→ Exercise instructions
Repeat each entry below exactly, omitting any picture it holds.
- - - - -
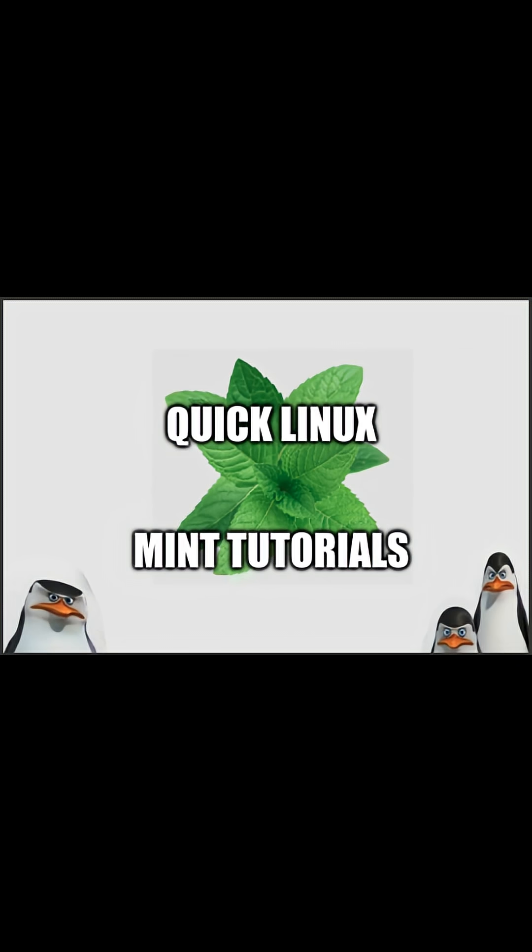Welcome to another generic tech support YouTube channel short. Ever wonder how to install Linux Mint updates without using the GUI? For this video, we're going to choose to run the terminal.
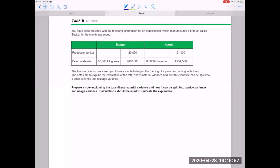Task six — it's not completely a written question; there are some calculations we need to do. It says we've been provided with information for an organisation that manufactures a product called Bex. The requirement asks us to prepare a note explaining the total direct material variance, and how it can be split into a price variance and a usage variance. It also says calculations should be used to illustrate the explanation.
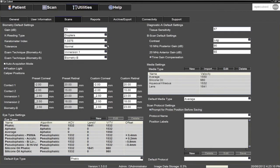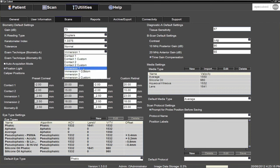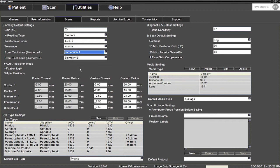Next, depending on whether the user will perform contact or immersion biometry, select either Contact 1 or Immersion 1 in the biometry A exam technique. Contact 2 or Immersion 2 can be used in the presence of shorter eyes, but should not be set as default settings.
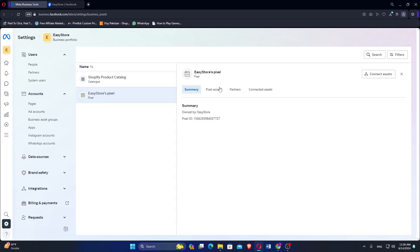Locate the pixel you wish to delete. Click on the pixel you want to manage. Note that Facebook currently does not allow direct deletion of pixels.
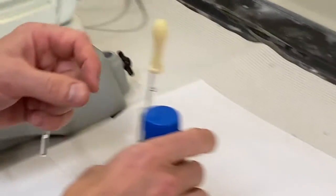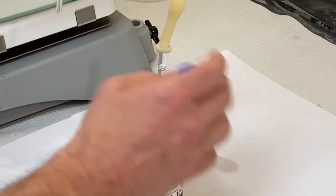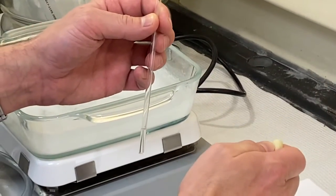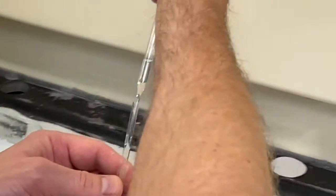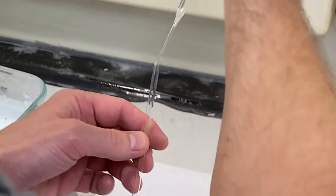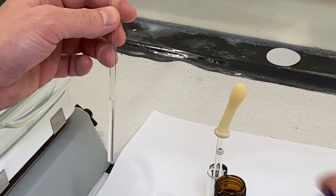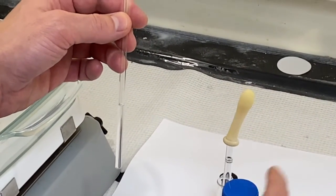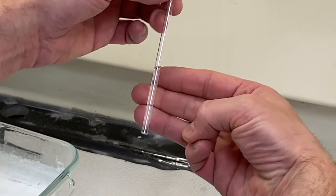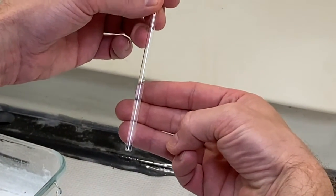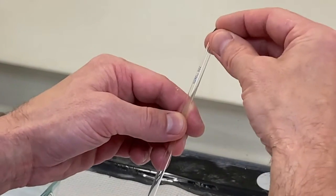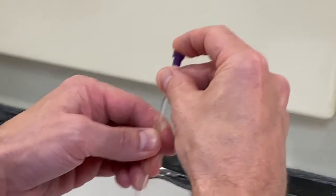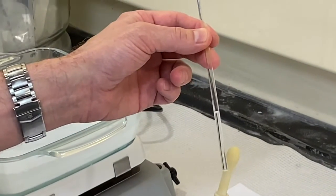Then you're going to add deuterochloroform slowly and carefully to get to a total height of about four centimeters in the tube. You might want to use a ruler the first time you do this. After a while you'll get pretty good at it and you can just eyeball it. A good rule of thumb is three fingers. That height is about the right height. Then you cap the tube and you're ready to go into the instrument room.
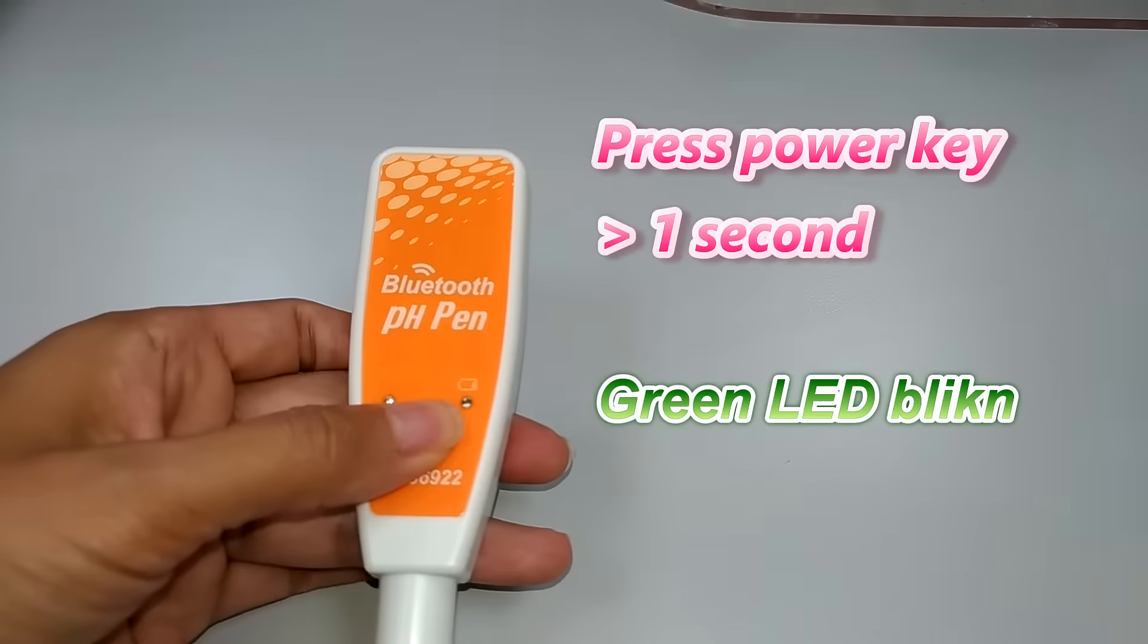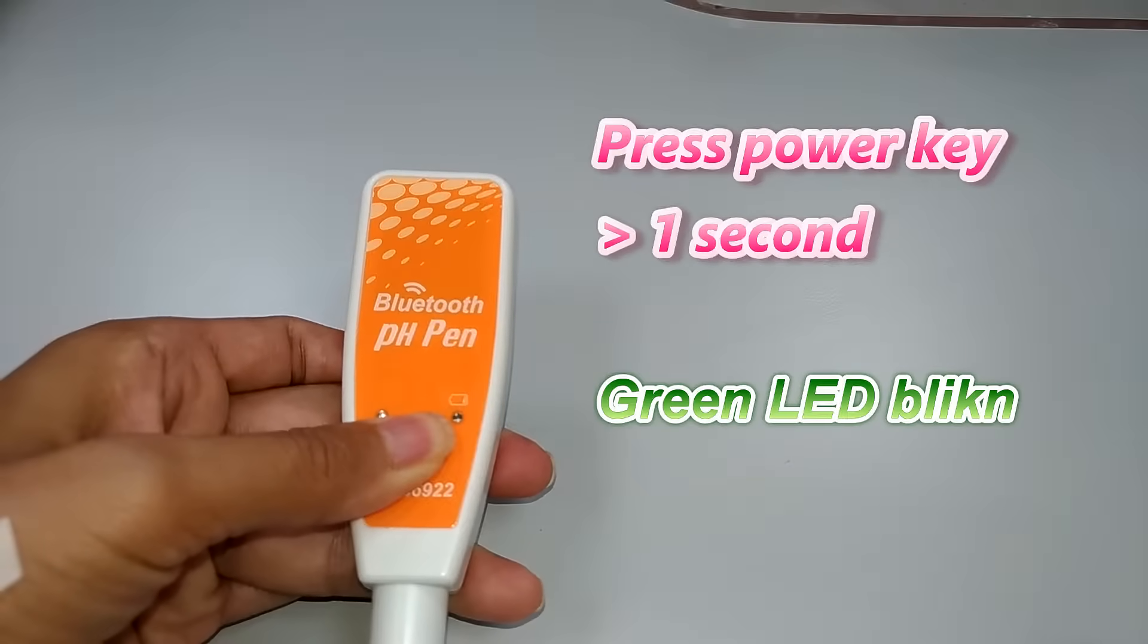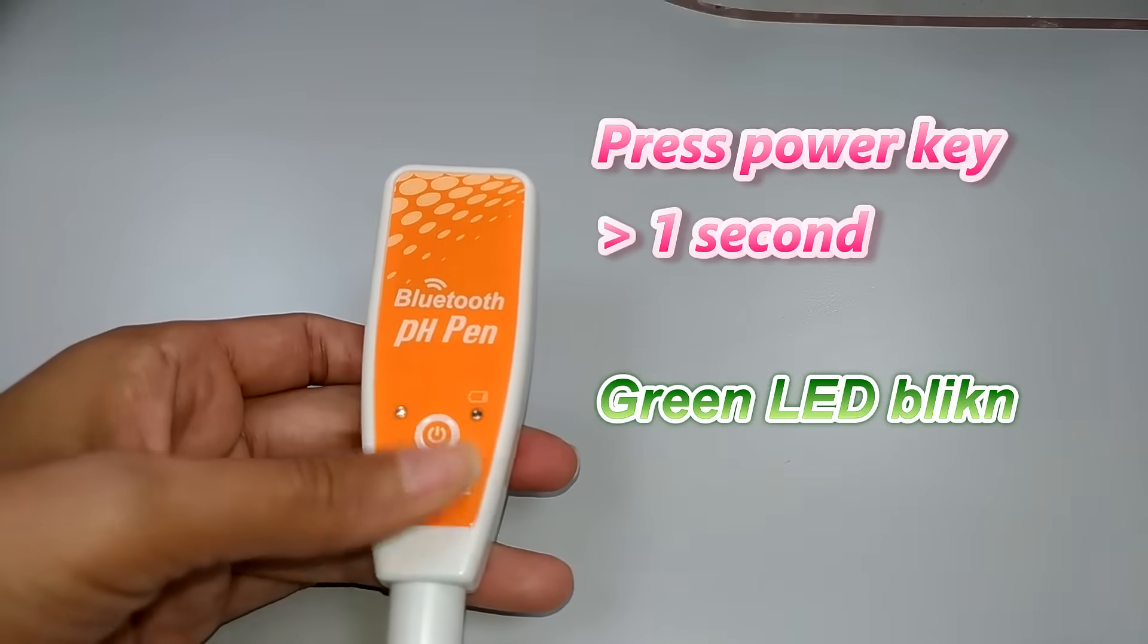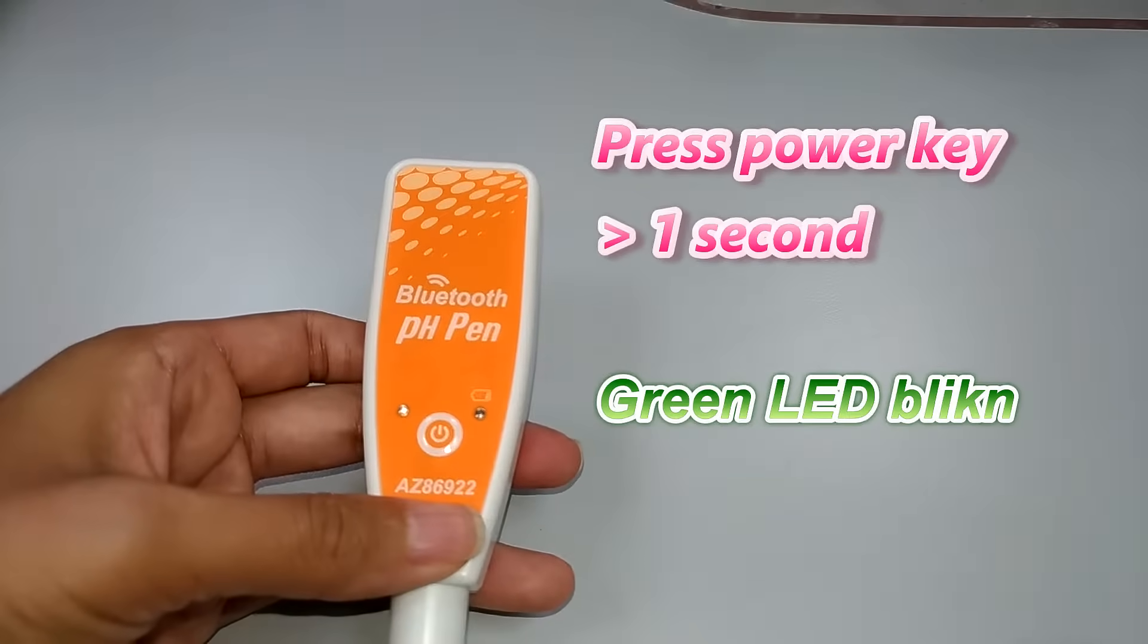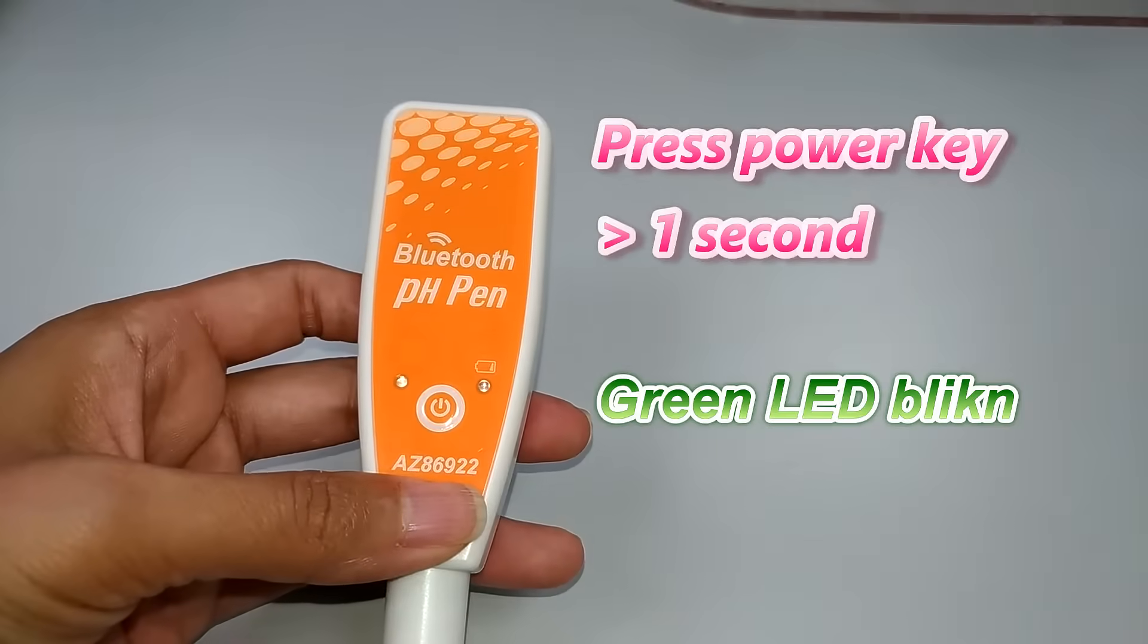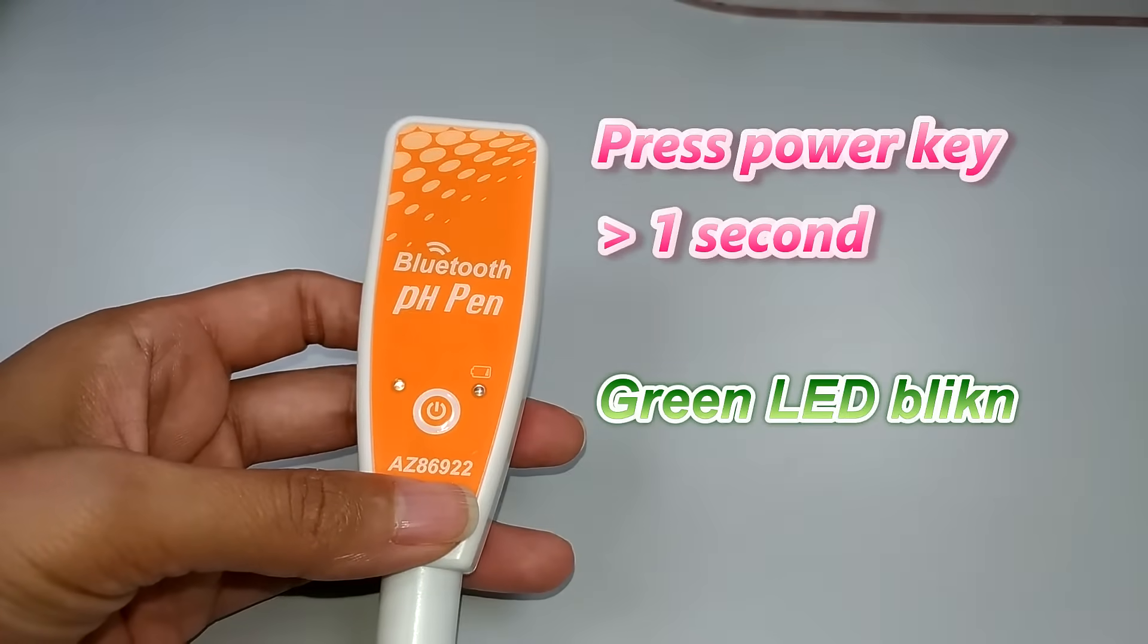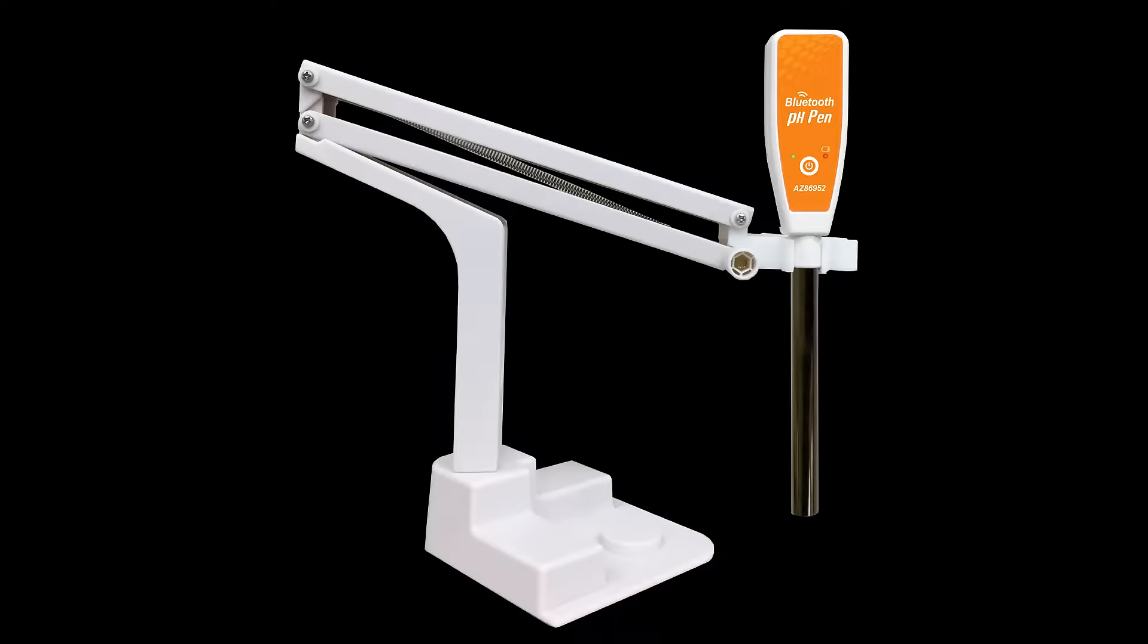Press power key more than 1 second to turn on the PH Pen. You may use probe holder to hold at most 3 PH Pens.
- - - - -
→ Final answer
Welcome to another generic tech support YouTube channel short. Ever wonder how to install Linux Mint updates without using the GUI? For this video, we're going to choose to run the terminal.
Task six — it's not completely a written question; there are some calculations we need to do. It says we've been provided with information for an organisation that manufactures a product called Bex. The requirement asks us to prepare a note explaining the total direct material variance, and how it can be split into a price variance and a usage variance. It also says calculations should be used to illustrate the explanation.
Next, depending on whether the user will perform contact or immersion biometry, select either Contact 1 or Immersion 1 in the biometry A exam technique. Contact 2 or Immersion 2 can be used in the presence of shorter eyes, but should not be set as default settings.
Locate the pixel you wish to delete. Click on the pixel you want to manage. Note that Facebook currently does not allow direct deletion of pixels.
Then you're going to add deuterochloroform slowly and carefully to get to a total height of about four centimeters in the tube. You might want to use a ruler the first time you do this. After a while you'll get pretty good at it and you can just eyeball it. A good rule of thumb is three fingers. That height is about the right height. Then you cap the tube and you're ready to go into the instrument room.
Press power key more than 1 second to turn on the PH Pen. You may use probe holder to hold at most 3 PH Pens.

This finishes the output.